La systématisation des box fermés dans les salles d’audience
Est dénoncé de plus en plus régulièrement l’apparition de box fermés majoritairement à l’aide de plaques de verre dans les prétoires des tribunaux. Simple mesure de sécurité ? Non encore une fois résignation face à une dérive sécuritaire… résurgence dans ce domaine des effets anxiogènes des attentats !
Mais cet usage pose question car il définit comment notre démocratie entend rendre la justice.
La dimension théâtrale du procès pénal assure une fonction cathartique de résolution des conflits entre les personnes comme le précise Gérard Soulier par une « psychothérapie collective », visant à renforcer la cohésion sociale. Ainsi, la scénographie judiciaire n’est pas anodine dans la manière de juger et influe sur le respect des principes de notre démocratie. L’architecture dans la sacralisation des audiences assume un rôle déterminant dans l’accomplissement de l’œuvre de juger.
Alors qu’au titre de l’article 318 du code de procédure pénale, « l’accusé comparaît libre et seulement accompagné de gardes pour l’empêcher de s’évader », une telle systématisation de ces cages sécurisées procède en toute autorité à une révolution de la conduite du procès pénal. Il y a dans la systématisation de l’emploi de ces cages de verre un déterminisme architectural de la culpabilité. Beaucoup de professionnels parlent d’« aquarium », et ce comparatif renvoie d’une part à une mise en scène d’une personne enfermée que l’on regarde mais aussi au conditionnement des personnes amenées à comparaître dans les apparats d’une dangerosité supposées.
Sous couvert d’un pragmatisme fantasmé et d’une efficacité non objective, le ministère de la justice développe dans nos tribunaux une idéologie sécuritaire et attentatoire à la présomption d’innocence et aux droits de la défense. En effet, après avoir réduit la politique pénitentiaire au tout carcéral, désormais ce sont les salles d’audience, qui font les frais de ce tropisme sécuritaire, qui distillent dangereusement cette idéologie qui veut imprégner la violence de l’enfermement dès la présomption d’innocence.
Les professionnels de la justice dénoncent une véritable atteinte à la présomption d’innocence, aux droits de la défense, une déshumanisation des justiciables en les réduisant à une dangerosité supposée, … Un recours a d’ailleurs été déposé devant le Défenseur des droits par la section locale du Syndicat des avocats de France le 13 octobre dernier et le contrôleur général des lieux de privation de liberté (CGLPL) a été saisi.
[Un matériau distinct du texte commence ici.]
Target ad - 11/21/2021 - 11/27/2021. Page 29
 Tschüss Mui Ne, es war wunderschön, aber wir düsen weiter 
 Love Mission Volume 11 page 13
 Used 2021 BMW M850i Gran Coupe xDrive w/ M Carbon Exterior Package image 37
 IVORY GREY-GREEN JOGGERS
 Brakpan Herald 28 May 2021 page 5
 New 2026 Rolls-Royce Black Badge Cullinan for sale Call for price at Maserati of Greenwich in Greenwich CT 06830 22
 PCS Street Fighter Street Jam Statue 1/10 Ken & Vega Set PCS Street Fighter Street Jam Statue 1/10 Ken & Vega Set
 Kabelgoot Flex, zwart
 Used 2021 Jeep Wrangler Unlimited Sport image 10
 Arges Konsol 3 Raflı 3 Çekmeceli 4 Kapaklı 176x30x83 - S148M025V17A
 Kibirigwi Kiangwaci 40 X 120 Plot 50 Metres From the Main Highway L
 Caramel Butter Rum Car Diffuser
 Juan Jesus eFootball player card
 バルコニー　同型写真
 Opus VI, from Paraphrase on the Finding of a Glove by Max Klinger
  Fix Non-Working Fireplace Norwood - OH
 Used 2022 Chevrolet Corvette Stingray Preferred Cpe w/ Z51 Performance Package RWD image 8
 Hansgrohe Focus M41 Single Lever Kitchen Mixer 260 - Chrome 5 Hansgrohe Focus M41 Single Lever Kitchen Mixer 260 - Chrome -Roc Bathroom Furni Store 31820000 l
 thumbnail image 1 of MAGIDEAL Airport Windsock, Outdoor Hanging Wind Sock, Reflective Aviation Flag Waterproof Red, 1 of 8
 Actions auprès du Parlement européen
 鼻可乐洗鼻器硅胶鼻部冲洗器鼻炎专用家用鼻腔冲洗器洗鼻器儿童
Lors de la visite de la commission des Lois du tribunal de grande instance de Paris aux Batignolles, il était aisé de constater le caractère déshumanisant de ces box, qui réduisent les personnes à des animaux en cage, plus présumées dangereuses qu’innocentes ! Ce principe est posé comme postulat a priori, par la configuration même de l’espace du tribunal. Il est indéniable que ce modèle a un impact psychologique déplorable sur les prévenus mais aussi sur les jurés dans les cours d’assises, qui devront se prononcer sur la culpabilité de quelqu’un à l’égard duquel sont érigées des mesures importantes de sécurité.
Ces box vitrés ultra sécurisés érigent des barrières entre le justiciables et la justice et il est de notre devoir de s’interroger sur la manière dont on juge les personnes, qui jusqu’à preuve du contraire restent présumées innocentes.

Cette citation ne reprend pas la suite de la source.